U.S. Department of Housing and Urban Development
Office of the Assistant Secretary for Houston
Federal Housing Commissioner
Washington, D.C. 20410-8000
June 19, 1996
Mr. Charles Birmingham
Vice President and State Counsel
Stewart Title Guaranty Company
3401 West Cypress Street, Suite 202
Tampa, Florida 33607
Dear Mr. Birmingham:
On September 21, 1995, the Department of Housing and Urban Development sent your company a document entitled "Finding of HUD's Investigation of Florida Title Insurance Companies and Statement of Enforcement Standards." Subsequently, on November 8, 1995, HUD staff met with members of the Florida title insurance industry. Based on those discussions and input from Florida state officials and others, we are enclosing a "Statement of Enforcement Standards: Title Insurance Practices in Florida", which provides additional guidance to the September Statement and notice of HUD's enforcement standards. We request that you carefully review this document and provide copies to your agents.
With the issuance of this Statement the Department has elected to concentrate on post September 1995 compliance, and, therefore, is closing its file on the investigation of the earlier activities of your company. In doing so, the Department is making no judgment on those practices and reserves the right to reinstitute its investigation, if necessary, as part of future enforcement action.
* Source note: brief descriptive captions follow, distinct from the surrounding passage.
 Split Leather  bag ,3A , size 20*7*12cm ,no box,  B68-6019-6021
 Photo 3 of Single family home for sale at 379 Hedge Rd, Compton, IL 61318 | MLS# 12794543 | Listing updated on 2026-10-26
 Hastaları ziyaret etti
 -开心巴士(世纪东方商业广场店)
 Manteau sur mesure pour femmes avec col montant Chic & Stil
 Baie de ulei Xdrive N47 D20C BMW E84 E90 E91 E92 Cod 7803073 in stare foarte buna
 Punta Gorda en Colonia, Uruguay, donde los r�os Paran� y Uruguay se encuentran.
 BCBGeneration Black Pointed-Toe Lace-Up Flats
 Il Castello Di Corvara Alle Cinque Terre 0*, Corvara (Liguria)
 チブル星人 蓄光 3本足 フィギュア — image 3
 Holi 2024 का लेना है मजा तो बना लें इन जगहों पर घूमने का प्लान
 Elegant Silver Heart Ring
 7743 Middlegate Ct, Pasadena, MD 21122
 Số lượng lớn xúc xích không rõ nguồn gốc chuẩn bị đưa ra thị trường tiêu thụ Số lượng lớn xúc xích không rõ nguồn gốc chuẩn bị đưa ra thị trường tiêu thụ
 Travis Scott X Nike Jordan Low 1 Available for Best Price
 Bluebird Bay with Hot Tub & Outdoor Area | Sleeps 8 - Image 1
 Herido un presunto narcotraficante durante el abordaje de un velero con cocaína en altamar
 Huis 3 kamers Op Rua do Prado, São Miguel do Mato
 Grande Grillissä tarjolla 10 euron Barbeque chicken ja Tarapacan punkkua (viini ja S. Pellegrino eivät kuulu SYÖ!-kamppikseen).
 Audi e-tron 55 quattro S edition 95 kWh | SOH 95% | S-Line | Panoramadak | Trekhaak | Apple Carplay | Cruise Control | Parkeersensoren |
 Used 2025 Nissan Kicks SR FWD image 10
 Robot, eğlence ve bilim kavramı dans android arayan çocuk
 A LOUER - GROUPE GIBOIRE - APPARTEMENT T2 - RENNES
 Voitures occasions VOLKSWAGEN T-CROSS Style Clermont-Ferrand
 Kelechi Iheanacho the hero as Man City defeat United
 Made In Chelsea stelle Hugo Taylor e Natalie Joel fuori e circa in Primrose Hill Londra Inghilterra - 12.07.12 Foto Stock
We are continuing to work closely with officials from the State of Florida and will continue to closely monitor compliance with the Real Estate Settlement Procedures Act by the title insurance industry in Florida. While we are hopeful of voluntary compliance by underwriters and agents in Florida, the Department is prepared to take appropriate enforcement action if necessary.
Thank you for your anticipated cooperation.
Nicolas P. Retsinas
Assistant Secretary for Housing
Federal Housing Commissioner
Real Estate Settlement Procedures Act Interpretation
Statement of Enforcement Standards:
Title Insurance Practices in Florida
This Statement deals specifically with issues and practices that HUD reviewed in the State of Florida although its general principles may apply by analogy to other geographic areas.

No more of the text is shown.